Produtos de beleza são parte estratégica da economia da moda. Muitos consumidores entram no universo de marcas premium justamente por cosméticos, perfumes e itens de autocuidado mais acessíveis que roupas ou acessórios de luxo. Por isso, qualquer alteração de preços nesse setor afeta comportamento de compra, percepção de valor e posicionamento competitivo.
Do ponto de vista jurídico, reajustes de preços exigem atenção a diferentes frentes. A primeira delas é a relação de consumo. Empresas precisam garantir comunicação clara, publicidade transparente e respeito às normas de defesa do consumidor.

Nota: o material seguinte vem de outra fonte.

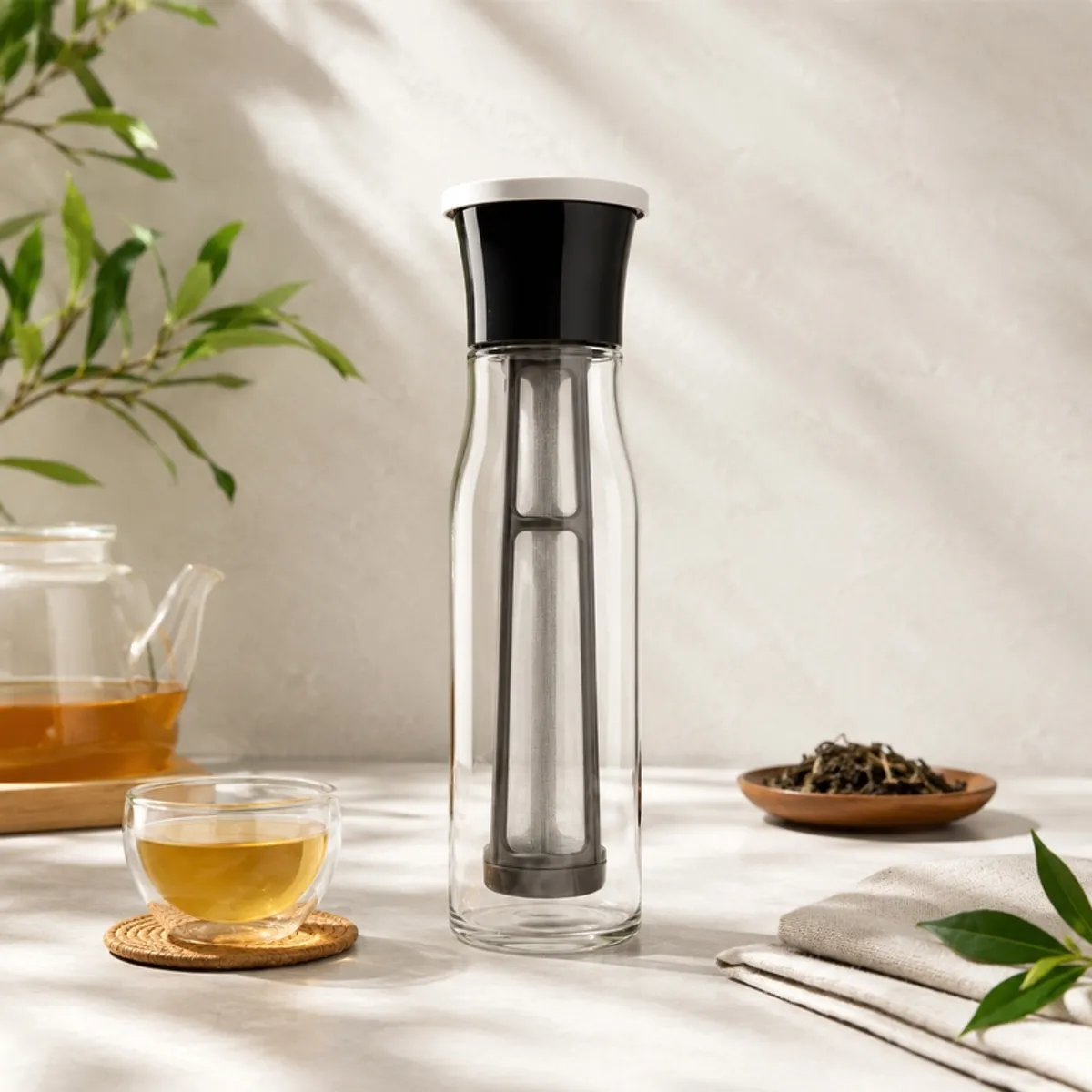 Lara Transparent Carafe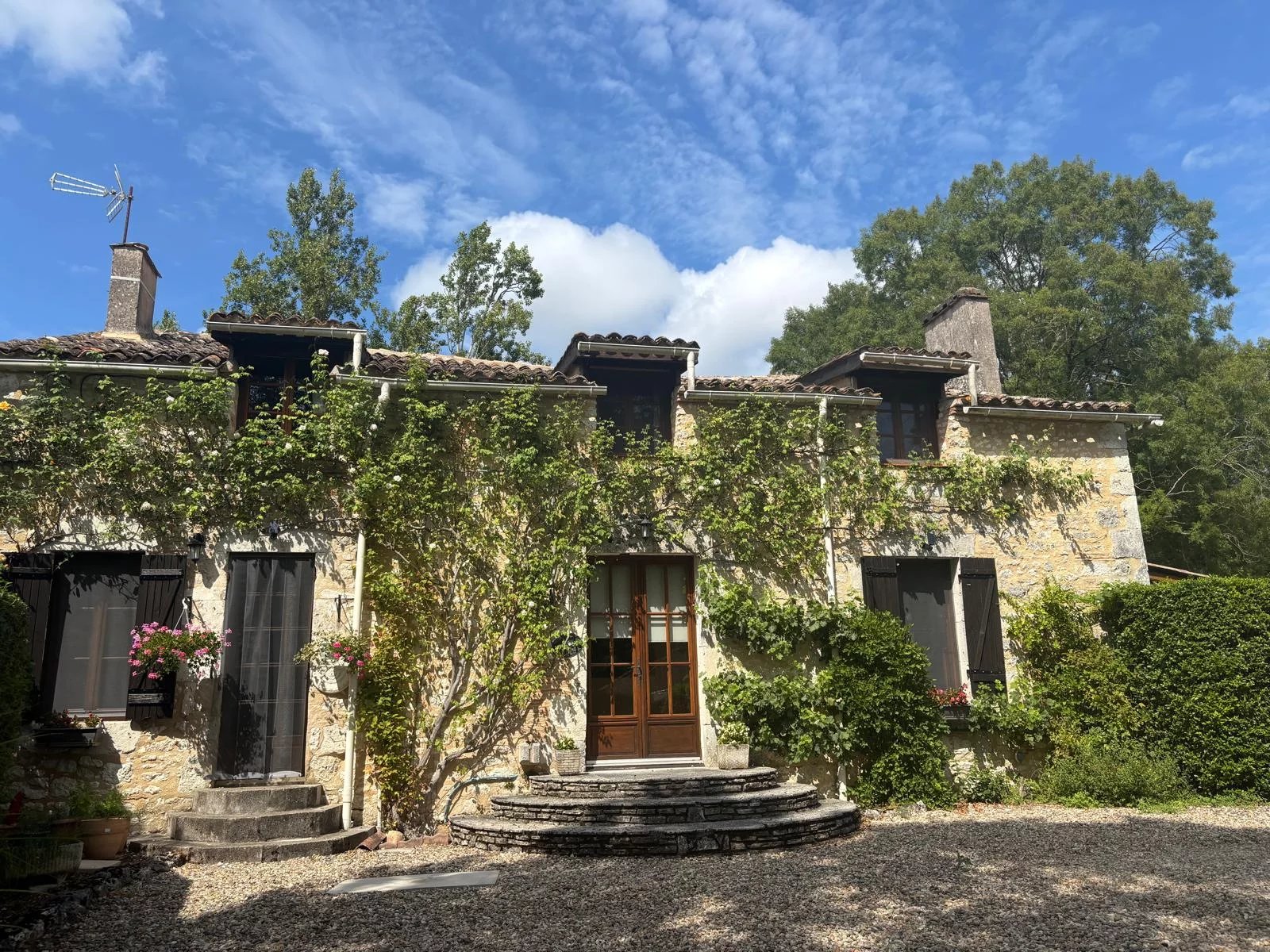 Character stone property with 2 maison d’amis close to Eymet and Bergerac, Aquitaine – France – BVI78770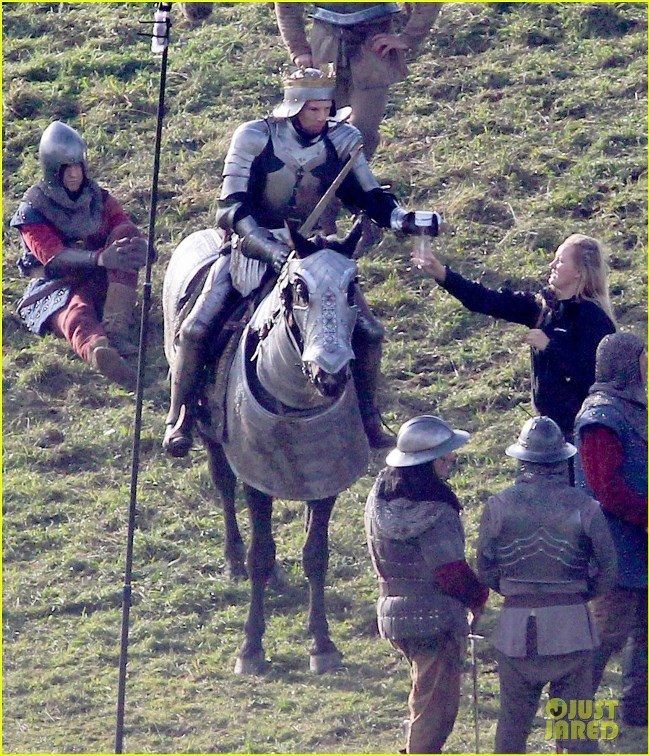 photo benedict-cumberbatch-wears-his-armor-goes-to-battle-16_zps3f20ede5.jpg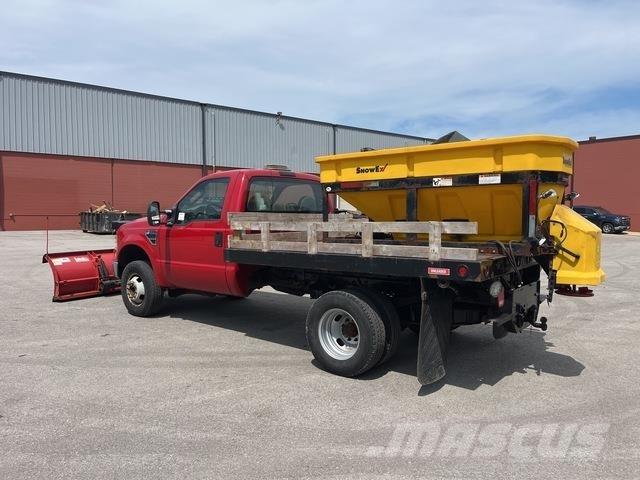 Ford F-350 Platformas/izkraušana no sāniem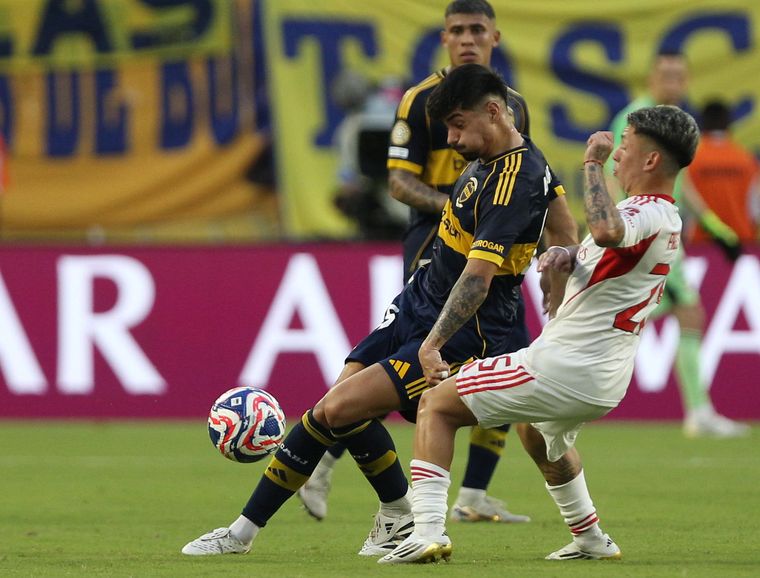 Gianluca Prestianni jugó 13 minutos en el empate 2-2 entre Boca y Benfica. Gianluca Prestianni jugó 13 minutos en el empate 2-2 entre Boca y Benfica.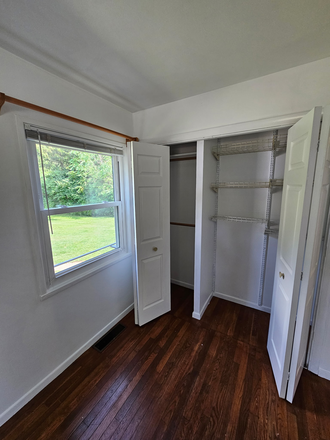 bedroom - Spacious house on-suite full bathroom, off street parking, walk to campus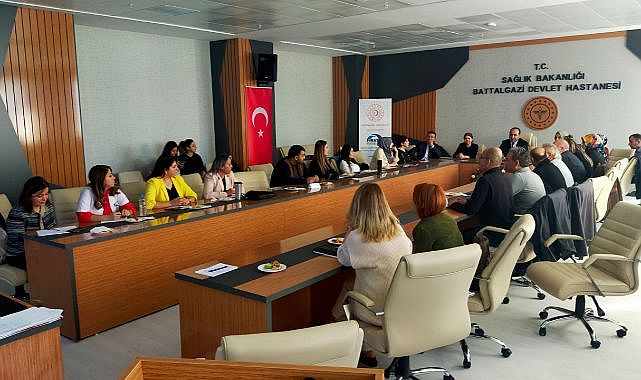 30 civarındaki sağlık eğiticisine eğitim!..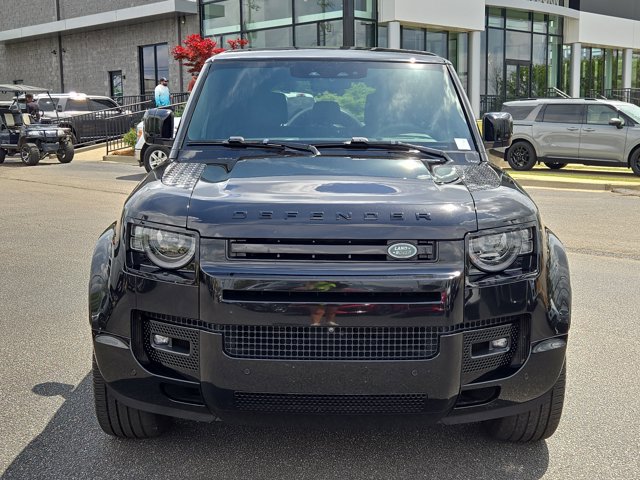 Used 2023 Land Rover Defender 110 AWD/4WD image 3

Alterações abruptas ou mensagens enganosas podem gerar desgaste reputacional e questionamentos regulatórios.
Outra dimensão importante envolve contratos de distribuição, varejo e e-commerce. Grandes companhias operam com redes complexas de fornecedores, marketplaces, distribuidores e varejistas. Mudanças de preços impactam margens, renegociações comerciais e estratégias promocionais, exigindo previsões contratuais bem estruturadas.
Também há reflexos concorrenciais. Em momentos de inflação, marcas tradicionais enfrentam maior pressão de produtos mais baratos e marcas próprias de supermercados ou farmácias. Isso exige diferenciação baseada em branding, inovação e experiência de consumo. Não basta aumentar preços: é necessário justificar valor.
A própria Unilever destacou o foco em marcas consideradas estratégicas e no crescimento orientado por volume, sinalizando uma mudança relevante. Depois de anos em que muitas empresas dependeram de reajustes para crescer receita, o mercado volta a exigir conquista real do consumidor.
Para profissionais da moda e da beleza, o caso ensina que branding forte não elimina riscos macroeconômicos, mas oferece maior capacidade de adaptação. Marcas consolidadas tendem a suportar melhor oscilações de custos quando mantêm confiança pública, distribuição eficiente e comunicação consistente.
No universo do Fashion Law, discutir preços também é discutir cadeia produtiva, contratos, reputação, concorrência e consumo. Em um mercado globalizado, decisões tomadas por gigantes multinacionais influenciam diretamente o carrinho de compras, o comportamento do consumidor e o futuro do varejo.